Closed fkrauer closed 3 years ago
I haven't read through the thread properly, but might be related to https://github.com/SciML/DifferentialEquations.jl/issues/610 ? I.e. try not using concrete_solve
?
And other than that, when using reverse-mode AD, e.g. ReverseDiff
, you should probably tell DifferentialEquations.jl to use the same for computing the sensitivity ("gradient through the ODE"): https://diffeq.sciml.ai/stable/analysis/sensitivity/#High-Level-Interface:-sensealg. Though I would think it solve
would figure that out automatically, so it might just be the usage of concrete_solve
that causes the issue :confused:
Tusen takk @torfjelde, I have changed concrete_solve
to solve
, but that didn't solve the issue. I think the mutation of objects within the Turing model is not allowed for backwards AD. So I changed a few things and removed the if statements, and now it seems to work (see below). However, it is extremely slow, as is forwarddiff AD. Running 100 iters (which is far from convergence) can take 30 minutes or so. This strikes me as a bit odd given that Julia is so fast.

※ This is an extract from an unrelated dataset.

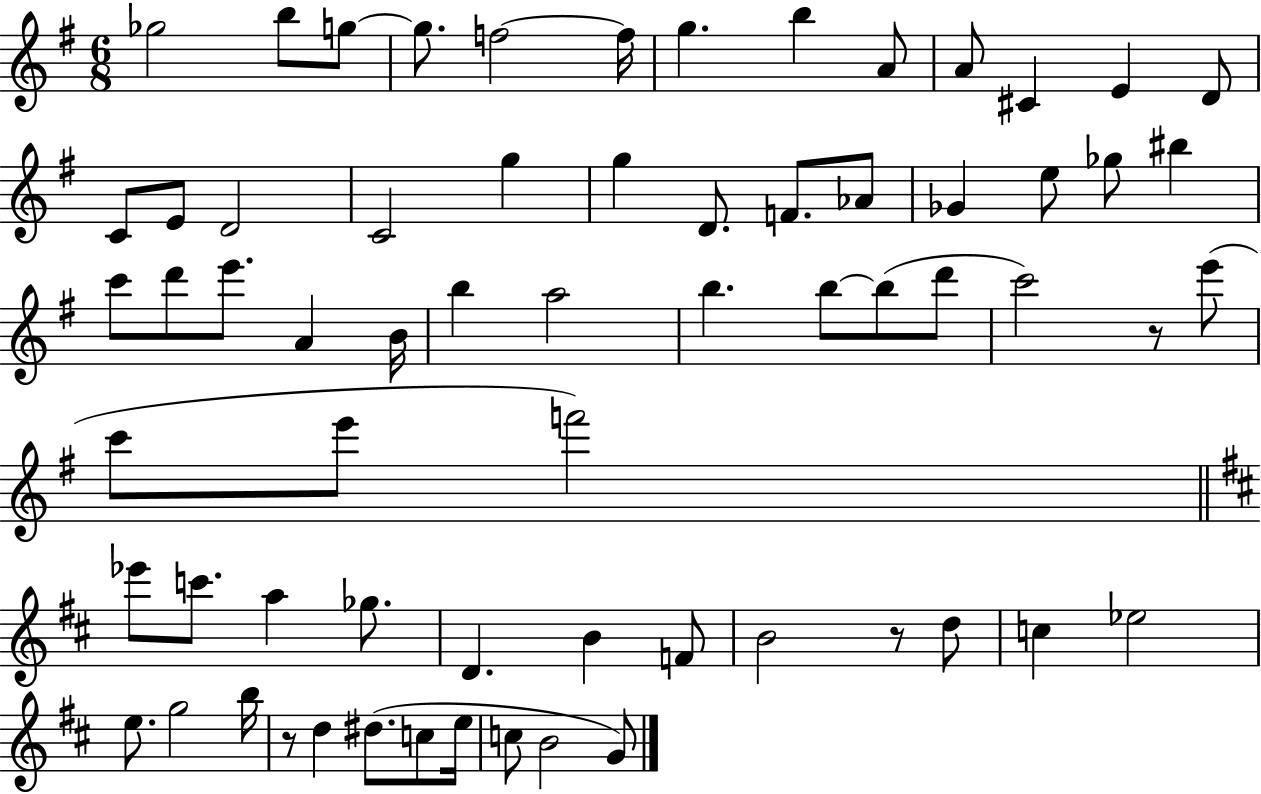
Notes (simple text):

Gb5/h B5/e G5/e G5/e. F5/h F5/s G5/q. B5/q A4/e A4/e C#4/q E4/q D4/e C4/e E4/e D4/h C4/h G5/q G5/q D4/e. F4/e. Ab4/e Gb4/q E5/e Gb5/e BIS5/q C6/e D6/e E6/e. A4/q B4/s B5/q A5/h B5/q. B5/e B5/e D6/e C6/h R/e E6/e C6/e E6/e F6/h Eb6/e C6/e. A5/q Gb5/e. D4/q. B4/q F4/e B4/h R/e D5/e C5/q Eb5/h E5/e. G5/h B5/s R/e D5/q D#5/e. C5/e E5/s C5/e B4/h G4/e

Has anyone ever successfully fitted an ODE model larger than the Lotka-Volterra (say 10 compartments) with Turing? I'd be very interested to see this code and learn from it.
...
theta = [ψ, ρ, β,η,ω,φ]
...
incidence2 = max.(0.0, incidence)
increp = incidence2 .* theta[2]
data ~ arraydist(NegativeBinomial2.(theta[1], increp))
Tusen takk
Haha, that caught me off guard! Null problem:)
I think the mutation of objects within the Turing model is not allowed for backwards AD.
This is indeed the case for Zygote.jl, but ReverseDiff.jl should be able to handle it. But even if there is mutation within your ODE, I'm pretty certain that the adjoints/gradients defined for solve
will handle this, e.g. https://turing.ml/dev/tutorials/10-bayesian-differential-equations/ involves mutation.
I recently helped someone with speeding up DiffEq + Turing, so I'll have a crack at this and get back to you. I'm curious myself:)
Okay, so after trying different optimizations I think I realized why it's taking you up-to 30 mins to only get 100 samples: you're actually running 5000 + 100 iterations, haha :sweatsmiley: It took me way longer than I'd like to admit to realize this. NUTS(5000, ...)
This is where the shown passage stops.